To put simply, I need to make more with less time. I roughly calculated the amount of gross sales I need to make, all the different potential income revenue I have and how much increase workload I can humanely take. This gets translated to how many custom suites, semi-custom, addressing, Etsy sales, day of projects and classes I need to get per month. From there, I figured out how many new in-house projects to create and the best way to produce them.

My anxiety:

OMG, writing that sounds like such a ridiculously-high bar!!!! Starting so many projects and so many things to do before I see any results!!!!! Like, enough to paralyze me from making any significant steps in any direction. And when I finally have the time to work on them, I end up trying to do all of them at once and have no finished product to show for.
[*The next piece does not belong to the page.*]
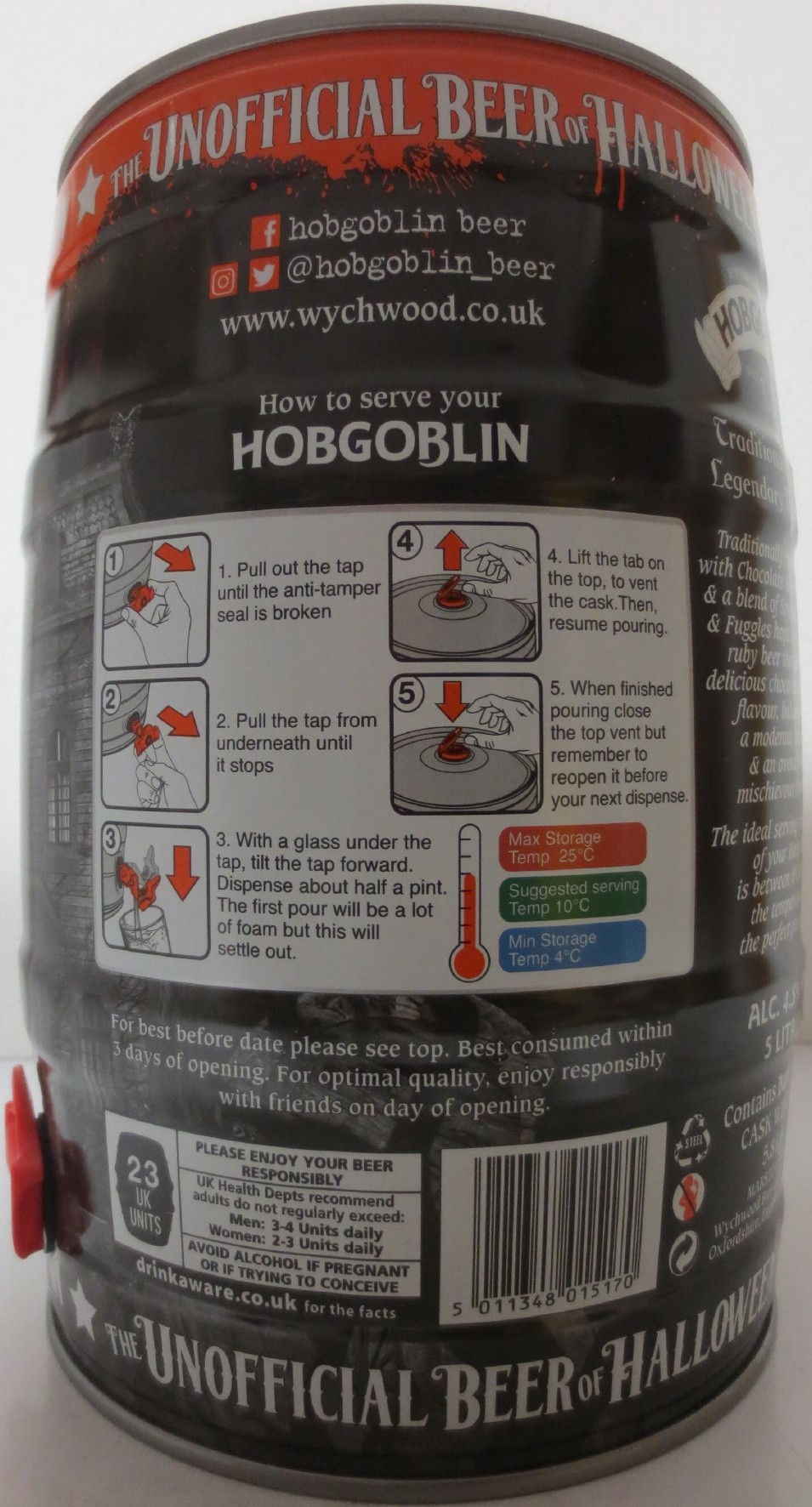 WYCHWOOD BREWERY HOBGOBLIN HALLOWEEN UNOFFICIAL BEER (5L) Nr.1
To make things even worse, you deal with the horrible feeling of not hitting your target goals! ! Sometimes I feel like giving up with the whole "planning ahead" thing and just go back to my old "go with the flow" business model.

How I calm myself:

Writing this blog! Because I need my small win! Considering I can only go so far with raising prices, I tried to focus on how I can increase my volume. This means more retail volume with much faster turn around. Figuring out how to have other brick and mortar stores carry my products. Crossing my fingers on the semi-custom suites to see if I can add new designs. Trying to come up with new calligraphy classes to teach, and most importantly, do one thing I can finish first which happens to be the designs for new retail products. Phew! That's a lot. The point being is I create a list instead of keeping it in my head. 

2. I should get new tools/designs/assistants/space/(insert cool things to invest in here)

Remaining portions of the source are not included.